Several features are identified that can be used to distinguish a phishing uniform resource locator (URL). High accuracy (97.31 percent) is achieved by a logistic regression filter based on these features. An advantage of feature-based tests over content-based ones is that opening a page to observe content may have undesired side effects, such as acknowledging receipt of a credit card. Google’s infrastructure data was used for testing, as well as for some of the features.
One set of features is page based (page rank and presence on the crawl database). Another feature is domain based (whether the URL’s domain can be found on the list of known nonphishing sites). A third set of features is whether the host is obfuscated, or whether a large number of characters are present after the organization’s name in the hostname. Finally, there is a word-based feature: phishing URLs use the words “login” and “signin” much more than nonphishing URLs. Six other words are also suggestive of a phishing URL.

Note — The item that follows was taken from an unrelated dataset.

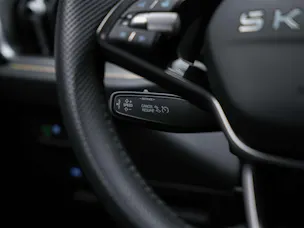 Škoda Kodiaq 2.0 TSI Sportline 4x4 *7 Plätzer*Abstandsregler*Matrix LED Scheinwerfer*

A logistic regression filter based on these features was trained on approximately 1,600 URLs and tested on 800 URLs, giving the 97.31 percent accuracy noted. The trained classifier analyzed Google data for 12 days, and found out that more than eight percent of the viewers of a phishing page are potential phishing victims. Ebay and Paypal were the most popular phishing targets. The investigation appears valid and thorough, and the exposition is clear. This paper is worth reading.